Opinión | Las cuentas de la vida

Kafka en verano

Kafka

Kafka / Pablo García

Sigo con Kafka en el centenario de su muerte. Concretamente con sus aforismos, brillantes, precisos, enigmáticos, que acaba de publicar entre nosotros la editorial Acantilado. «Tú eres la tarea. Ningún alumno a lo largo y ancho», escribió en la localidad bohemia de Zürau, señalando que no hay distinción entre el camino que emprendemos y la propia vida. No tenemos una tarea, sino que nos hacemos al avanzar y al enfrentarnos con la realidad. Las dificultades del sendero se hacen patentes en otro pensamiento de una plasticidad maravillosa: «Como un camino en otoño: apenas queda bien barrido, se cubre otra vez con las hojas secas». Nos remite a una característica esencial del judaísmo, que es la fidelidad extrema a esos raros momentos de luz, de sentido, recibidos a lo largo de una vida. Ser fiel consiste en recordar una y otra vez aquel sendero despejado, antes de que el barro, las lluvias y las hojas muertas lo hagan de nuevo irreconocible.

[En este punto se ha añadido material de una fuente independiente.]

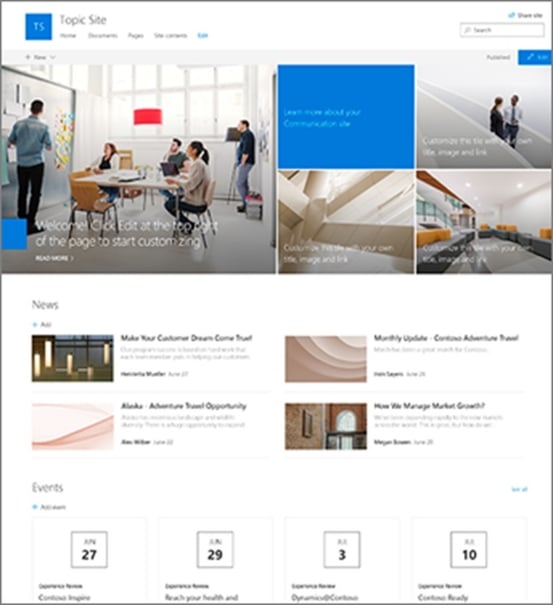 SharePoint Server 2019 Communication Site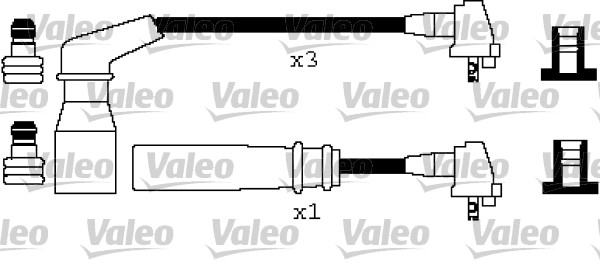 VALEO Gyújtókábel készlet 346263_VALEO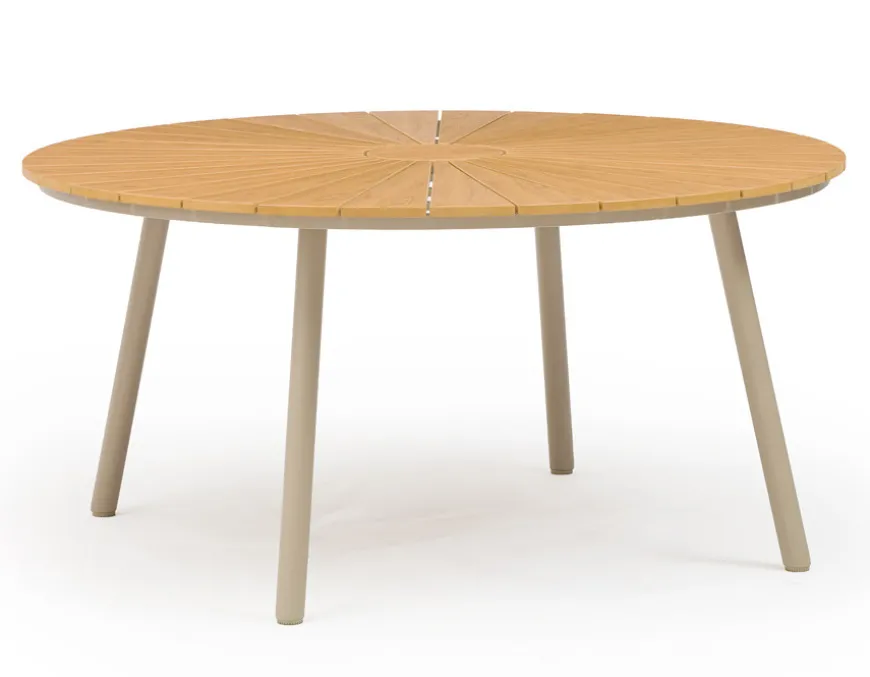 DaneLine Adam Havemøbelsæt - Nonwood - Ø150 cm - Latte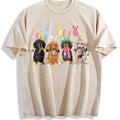 Dachshund With Bunny Ears Vintage Washed T-Shirt product image 1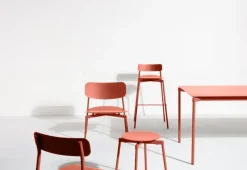 Petite Friture Fromme dining table, 90 x 180 cm, coral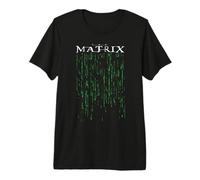 The Matrix Green Code Maglietta Premium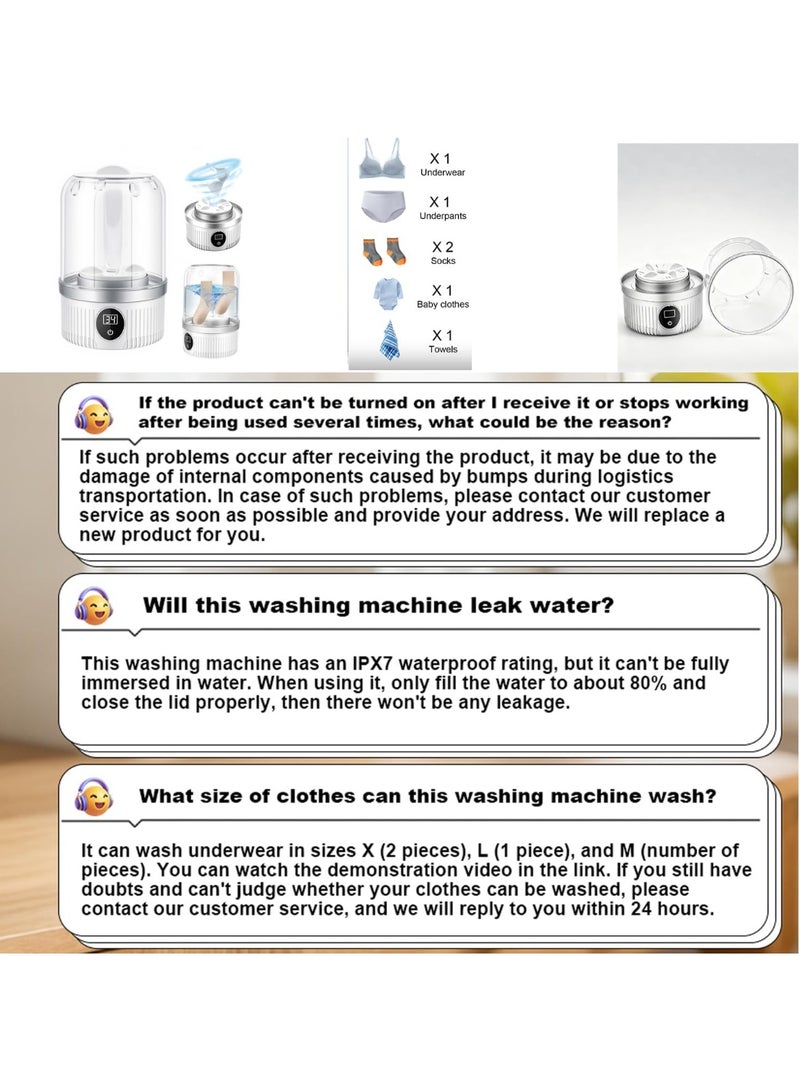 Portable Mini Washing Machine - Image 4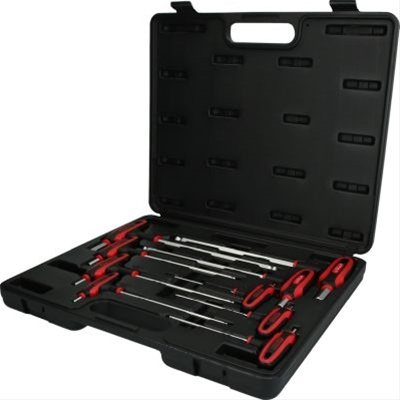 Cheie Hexagonala Cu Maner In T Si Cap Sferic 9 Pcs Ks Tools 151.8150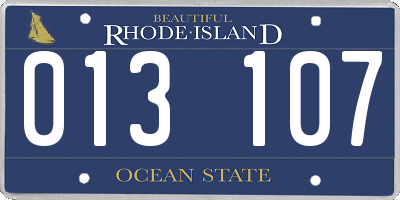 RI license plate 013107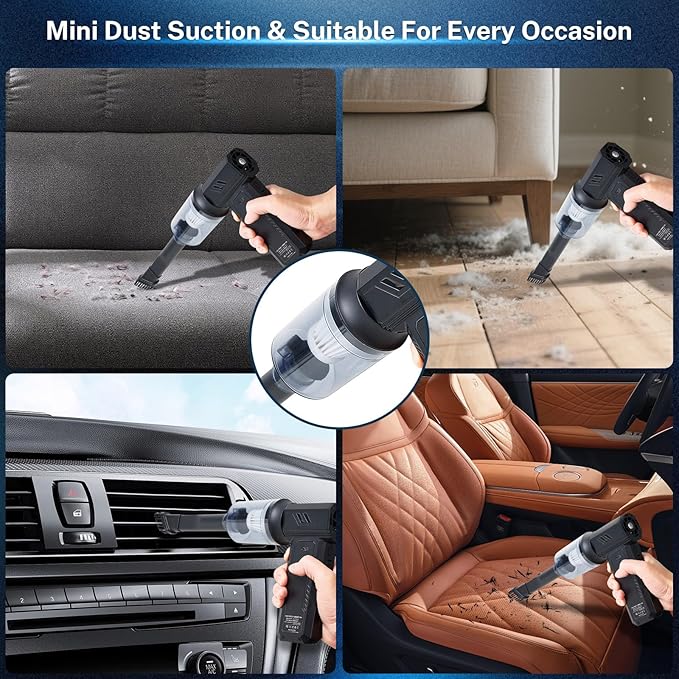2-in-1 Electric Compressed Air Duster & Car Vacuum Cleaner - Image 5
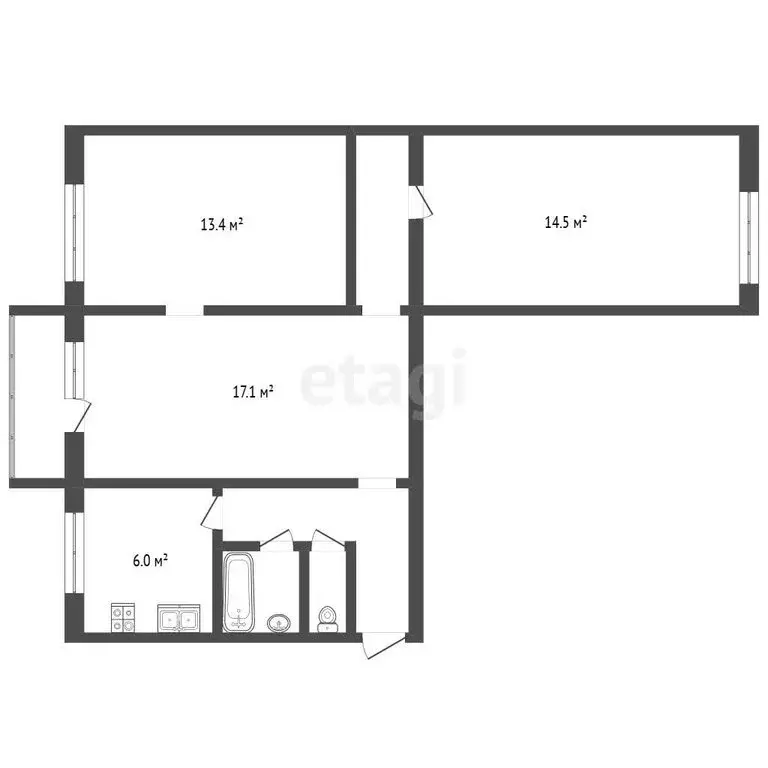 3-комнатная квартира: Республика Мордовия, городской округ Саранск, ... - Фото 1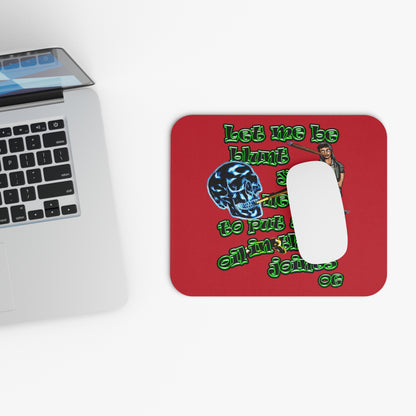 og - Mouse Pad (Rectangle) (dark red)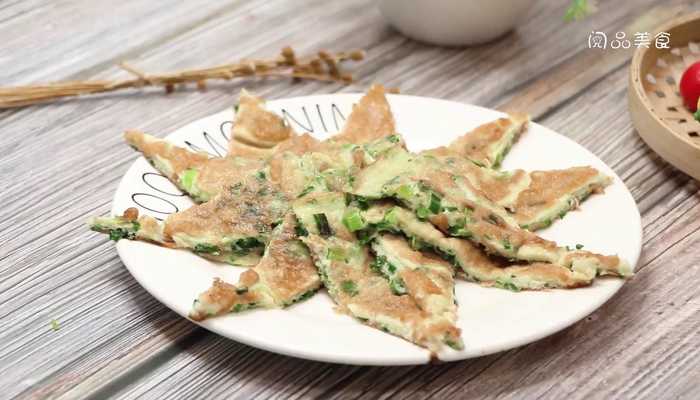 韭菜煎蛋饼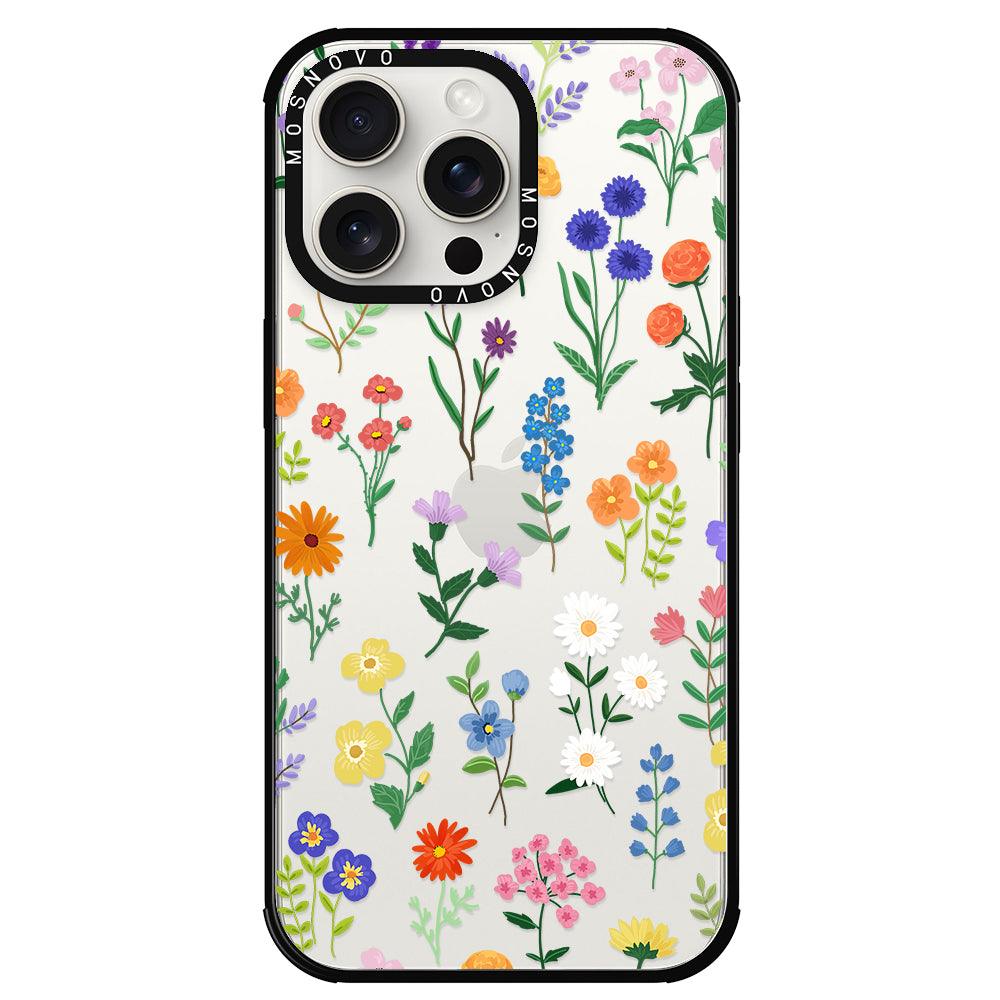 Botanical Floral Phone Case - iPhone 15 Pro Max Case - MOSNOVO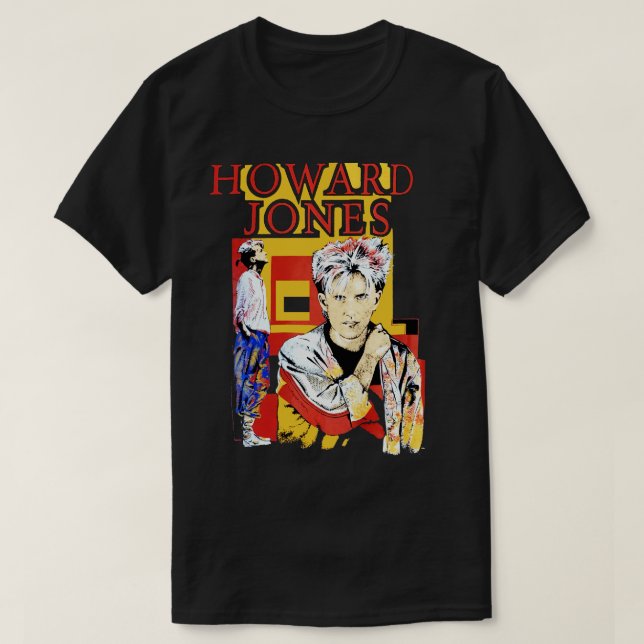 Camiseta HOWARD JONES Vintage 80 (Frente do Design)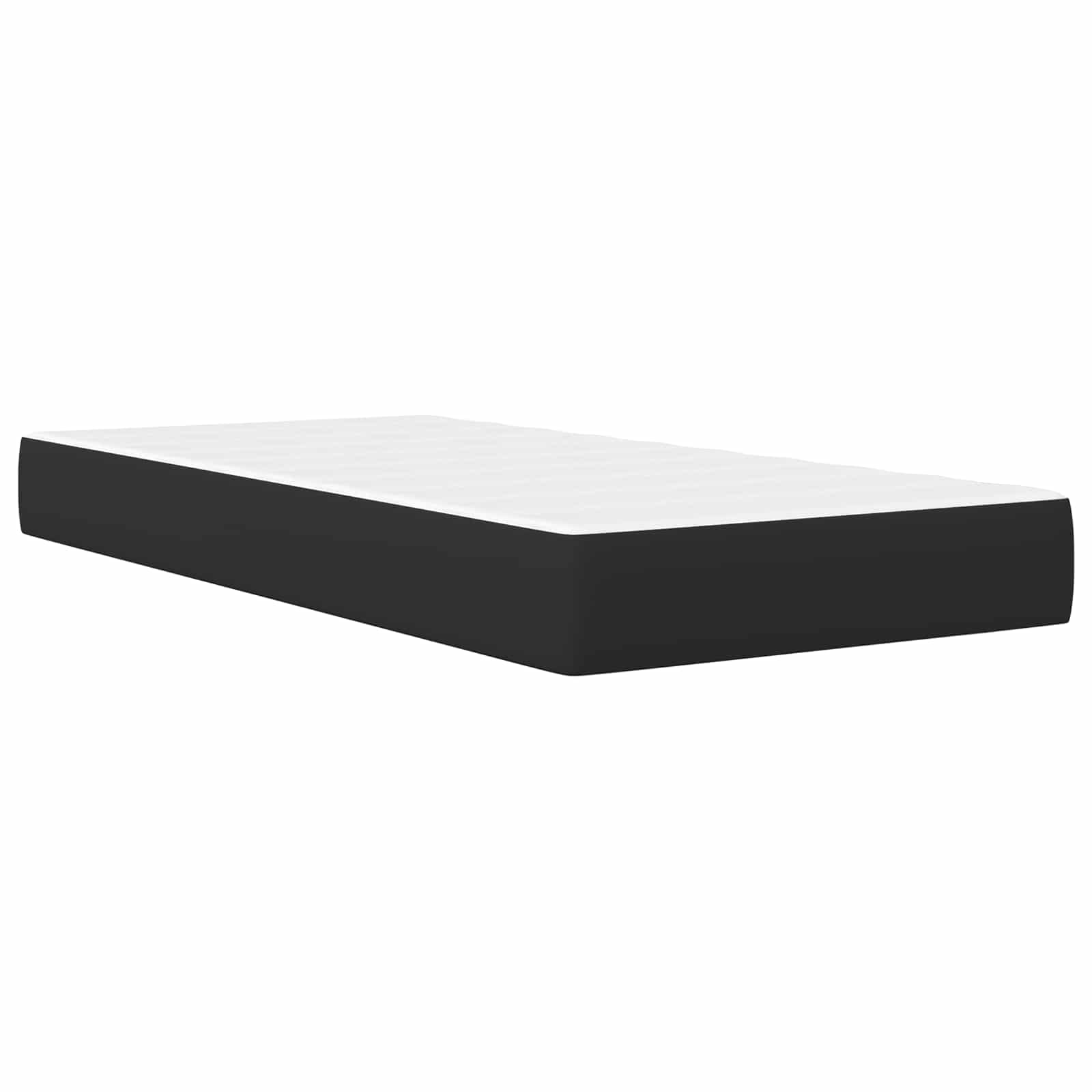 Bedframe met LED-stripverlichting Zwart 90 x 200 cm Kunstleer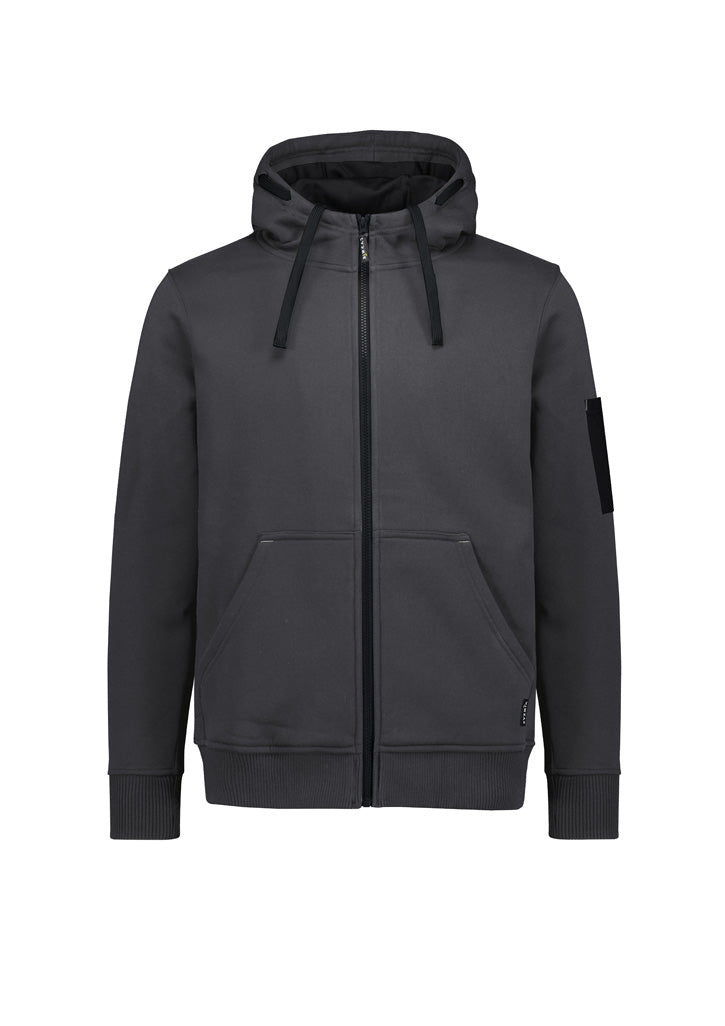 Hoodie Unisex dengan Banyak Kantong di Bagian Depan dan Ritsleting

En cambio resultan obsesivas sus reflexiones acerca del bien y del mal. Así, el aforismo número 30 advierte: «El bien es en cierto sentido desconsolador», conduciéndonos a otro pensamiento de carácter sapiencial: «El mal sabe del bien, pero el bien no sabe del mal» o a este otro, enigmático: «Sólo el mal se conoce a sí mismo». Kafka percibía con dolor la impotencia del bien frente al mal, impresión que se acentuará, ya después de su muerte, con la Shoah y la angustiosa pregunta por la humanidad ante los campos de exterminio. El poder del mal es temible y apenas admite escapatoria. A este respecto, el siguiente aforismo es particularmente certero: «Cuando uno ha acogido al mal en su interior, ya no exige más que creamos en él». De hecho, rara vez somos conscientes del mal que cometemos, puesto que damos una justificación ética a su presencia en nuestra vida. El mal, diríamos, es el espacio que compete al adversario o, en todo caso, al otro. Por supuesto que no se presenta de entrada como la fealdad, sino que nos tienta con la belleza o el bien. El precio a pagar será alto: «Al mal no se le puede pagar a plazos –y se intenta sin cesar–», leemos en el aforismo 39. Y, aún más inquietante: «No dejes que te hagan creer que puedes ocultar secretos al mal». Asombra esa idea de omnipotencia que maneja Kafka. El peso de la gravedad –de la Caída– desdibuja la esperanza.

Sin embargo, uno de los aforismos más hermosos apela directamente a aquello que nos hace humanos. Es el número 46 y dice así: «La palabra sein significa en alemán ambas cosas: «existir» y «pertenecer a alguien». La idea es sugerente y propone un doble vínculo entre la existencia y la pertenencia. No somos autónomos, nadie se salva a sí mismo, sino que es en la copertenencia como nos humanizamos; como crecemos, nos desarrollamos y llegamos a saber realmente quiénes somos. El sentido relacional de la palabra persona ya nos hace intuir esta verdad. Lo ilustra a la perfección el noruego Erik Varden al señalar que, en griego clásico, el hombre pasa a ser persona cuando dos miradas se encuentran. Es decir, cuando se le reconoce y empieza a pertenecer a alguien. Esa es también «nuestra tarea»: convertir la vida en pertenencia.